My two workarounds were to (1) just write a recursive schema-generating strategy by hand, which is a fair bit of work but very useful, and (2) scrape every schema I could find on the internet into my test suite, notably from the upstream test suite and the "schema store" website. Both of the latter cases have proved invaluable, and I would recommend doing this in addition to any schema generation tricks we can pull off.

Obviously I would still like to support recursive references for self-tests and as a general feature, but it may not be such a severe blocker for your testing :slightly_smiling_face:

I'd like to try to implement it, at least partially, but I am afraid that I'll need some guidance. Can I ask you if it will be possible for you to review a PoC pull request in the next few weeks?

Yes, I'd be very happy to review PRs or experiments leading towards them. As to guidance: I think the steps go something like

  1. make resolve_all_refs() skip recursive refs while resolving all others
  2. make canonicalish() work with schemas that contain references.
    This probably just means recursing into a definitions dict, but requires some care that re-writes don't move reference targets - I think we'll probably want to copy all referenced subschemas to a top-level definitions dict regardless of initial location and update the reference pointers. Reference re-writing may be a new function?
    In the rewrite stage we'll also want to merge in any overlapping schemas, but this is fiddly and can come later.
  3. add a st.deferred() whenever converting a ref to a strategy.
    We know that all remaining references are recursive, so this is pretty simple.
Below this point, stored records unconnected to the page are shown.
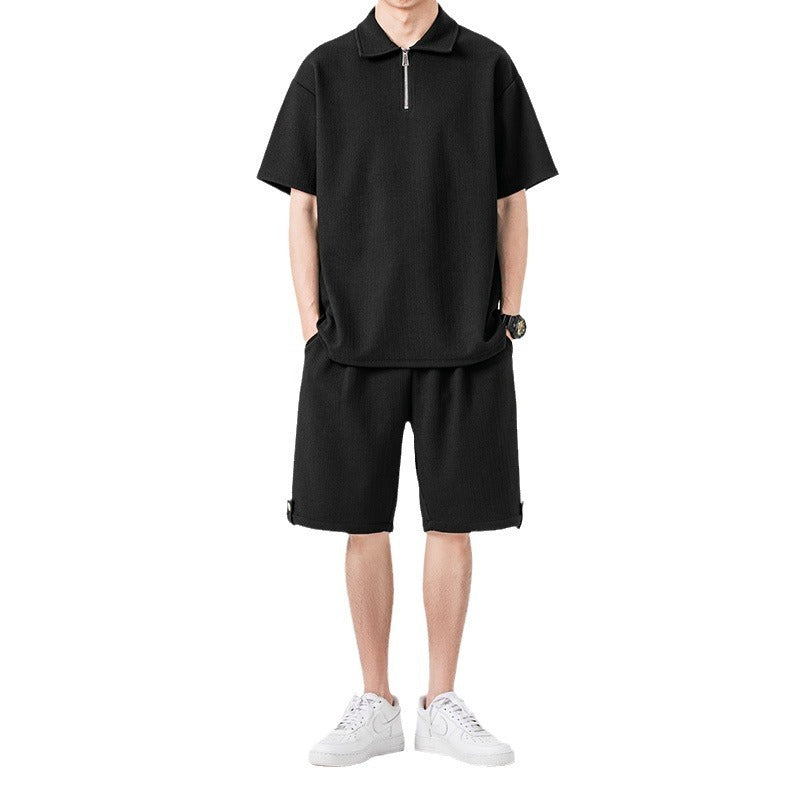 Polo Shirt Sports Shorts Trendy Solid Color Couple Suit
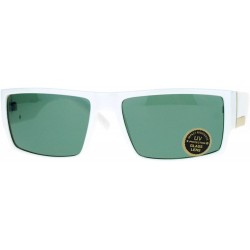 Rectangular Impact Resistant Glass Lens Sunglasses Mens Rectangular Fashion Shades - White (Green) - CG18060Z8QS $11.72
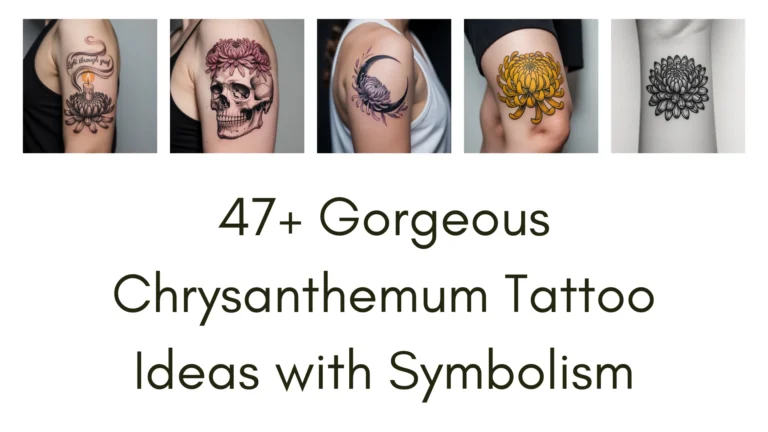 A comprehensive article titled "47+ Gorgeous Chrysanthemum Tattoo Ideas Packed with Symbolism" displayed on a digital screen. The article features a white background with black text, organized under a main heading in bold, followed by subheadings for 48 unique chrysanthemum tattoo designs. Each subheading describes a specific tattoo style, such as "Bold Red Chrysanthemum Tattoo" or "Chrysanthemum Tattoo and Crescent Moon — Lunar Bloom," with brief descriptions of their colors, symbolism, and ideal placements. The text emphasizes the cultural and emotional significance of chrysanthemum tattoos, including themes of resilience, life, and renewal. The article concludes with a section encouraging readers to collaborate with a tattoo artist to personalize their design.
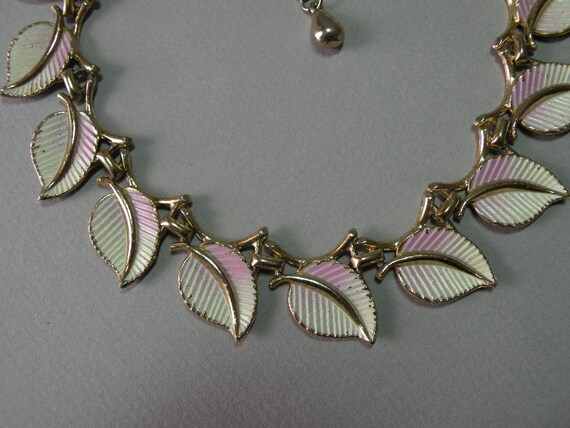 Vintage Rose Leaf Necklace - image 3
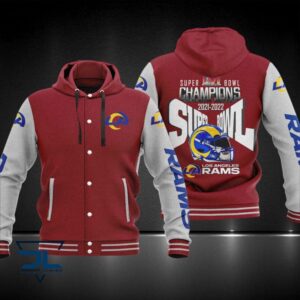 Los Angeles Rams NFL Style Hooded Baseball Jacket For Fan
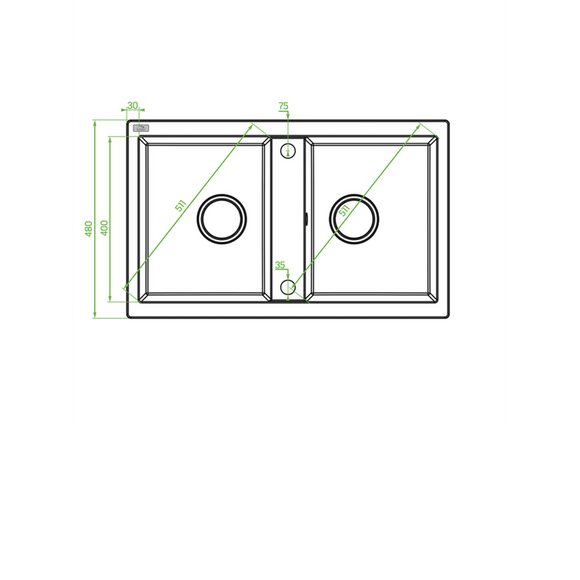 Laveo Barbados Granite Sink 2 Bowl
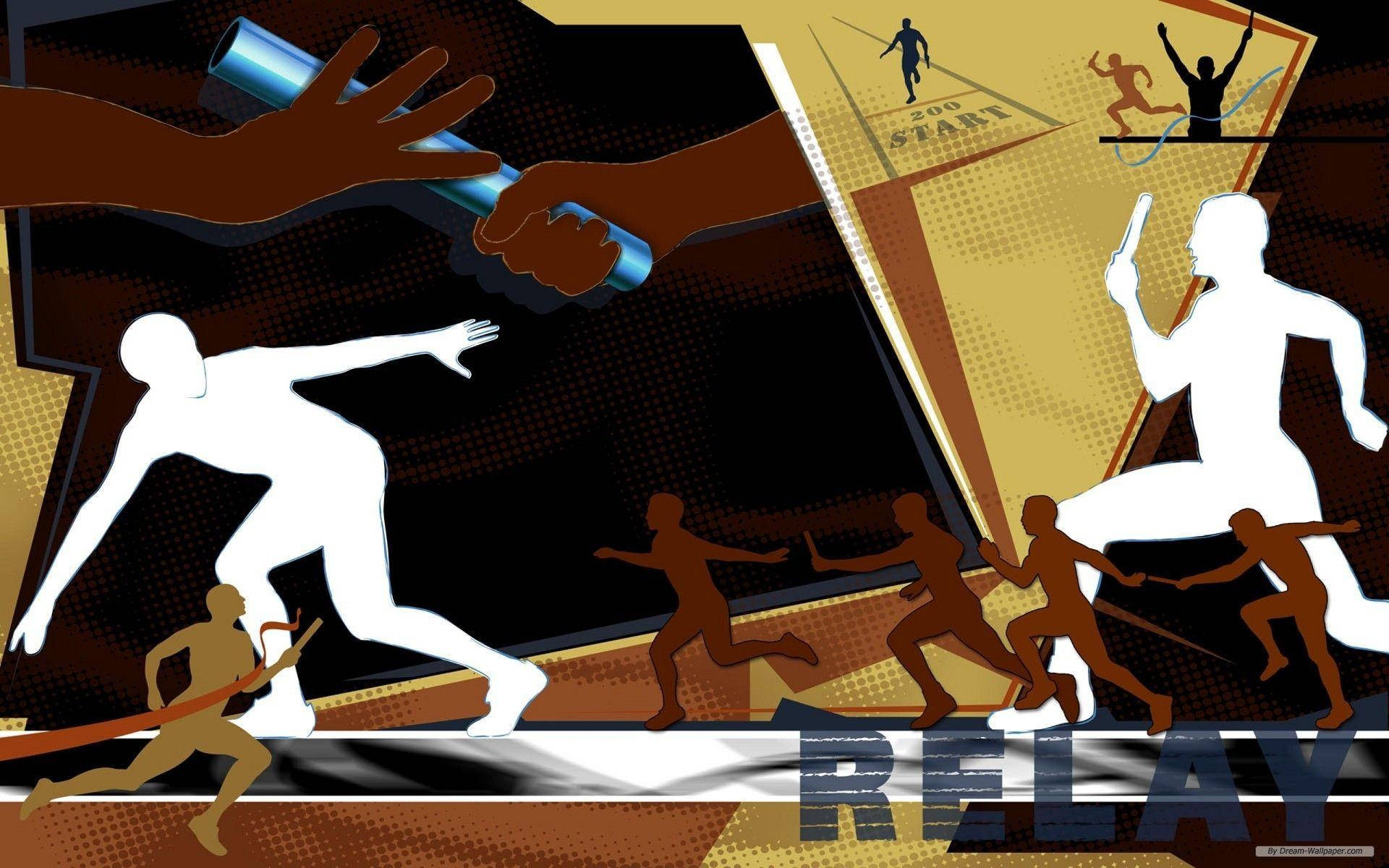 Digital Illustration Of Sports Relay Background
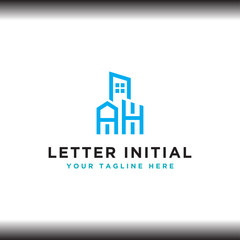 Initial concept of the AH logo with a building template vector for construction.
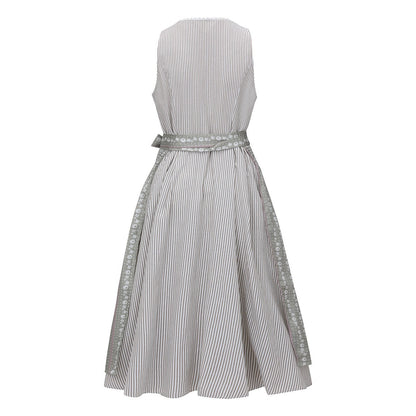 Oktoberfest Beige Retro Dirndl Kleid mit Schürze 1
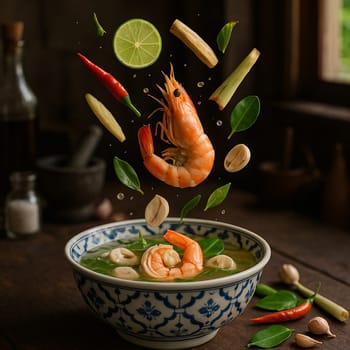 AI generated aromatic thai tom yum talay nam sai with fresh seafood ingredients falling into ornate thai bowl clear spicy lemongrass broth healthy herbs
I am also open to discuss the funding part as well :)

Let's do this by email if you find that your proof-of-concept isn't working out, or I exhaust my volunteer time :)

Zac-HD commented 3 years ago

Hey @Stranger6667 - inspired by #68, I'm wondering if we could quickly adapt #61 to just skip resolving recursive schemas. That would mean we only ever generate the base case, but at least it does something valid for them! Thoughts?

sdementen commented 3 years ago

Is there some way to identify the cycle leading to the recursive error in resolve_all_refs()? If so, I may be able to pre-patch the schema to remove these cycles

Stranger6667 commented 3 years ago

@Zac-HD I think it is a viable option, indeed! I will check if it will work and post an update here. At first glance, it should be ok but should include additional handling for #65 as well.

@sdementen Yes, in #61, I implemented it with a map of paths that were already seen during resolving + additional check for the input reference. However, I am not 100% sure that it covers all cases - I need to recheck this.